LISTSERV 16.5 - VUB-RECOIL Archives

Hi Yury,

 one example is

 ~daniele/scra/newchains_1030/data-2

 and the tipical message is

 Error in <TFile::TFile>: file /nfs/farm/babar/AWG18/ISL/sx-080702/data/2000/output/outputdir/AlleEvents_2000_on-1095.root does not exist

 on AWG8 this pathology happened just few times when there were >~300 jobs
reading the same disk if I remember correctly.

 Do you know which is the difference between AWG8 and AWG18?

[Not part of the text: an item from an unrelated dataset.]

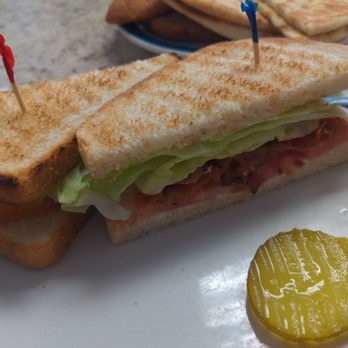 Anna's Restaurant - Blt - Diners Near Me - Newburgh, New York Anna's Restaurant - Blt - Diners Near Me - Newburgh, New York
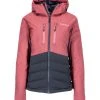 Cheapest 👏 SimmsFishing Women's West Fork Jacket Women’s Outerwear 🛒 1 SimmsFishing Women's West Fork Jacket Women’s Outerwear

 My proposal is to split things on different disks, if possible.

 Thanks a lot,

 Daniele

On Thu, 31 Oct 2002, Yury G. Kolomensky wrote:

> 	Hi Daniele,
>
> do you have an example of a log file for these jobs ? I do not know
> exactly what servers these disks have been installed on, but we
> noticed in E158, where most of the data were sitting on one
> (relatively slow) server, jobs were limited by I/O throughput to about
> 2 MB/sec. This limit comes from the random access pattern that split
> ROOT trees provide. If your job is sufficiently fast, you can saturate
> I/O limit quite quickly -- with 2-3 jobs. If you submit too many jobs
> (tens or even hundreds), the server will thrash to the point that the
> clients will receive NFS timeouts. ROOT usually does not like that --
> you may see error messages in the log file about files not found (when
> the files are actually on disk), or about problems uncompressing
> branches. These are usually more severe on Linux clients, where the
> NFS client implementation is not very robust..
>
> There are several ways to cope with this problem:
>
> 1) Submit fewer jobs at one time. I would not submit more than 10
>    I/O-limited jobs in parallel.
> 2) Place your data on different servers. That means, different sulky
>    servers is best. Even if you are on the same sulky server but split
>    your data onto different partitions, you still get the benefit of
>    parallelizing disk access
> 3) Re-write your jobs to first copy your data onto a local disk on the
>    batch worker (for instance, /tmp), then run on the local copy, then
>    delete the local copy. The benefit of that is that the cp command
>    will access the file in direct-access mode (with 10-20 MB/sec
>    throughput, depending on the network interface throughput).
> 4) Make your ntuples non-split (very highly recommended). This usually
>    increases the throughput by a factor of 10-20. If your typical job
>    reads most of the branches of the tree, making tree split makes no
>    sense. Non-split trees provide direct access to disk, which is much
>    more optimal.
>
> 							Yury
>
>
> On Thu, Oct 31, 2002 at 09:26:08AM -0800, Daniele del Re wrote:
> >
> > Hi all,
> >
> >  in the last two days I tried to run on data and MC on the new disk AWG18.
> > No way. I got problems in the 80% of the jobs. Someone crashed, most of
> > them have did not read a large number of root files (actually there).
> >
> >  This problem seems to be worse than ever. Do we have to contact
> > computing people about this?
> >
> >  Daniele
> >
> >
>
>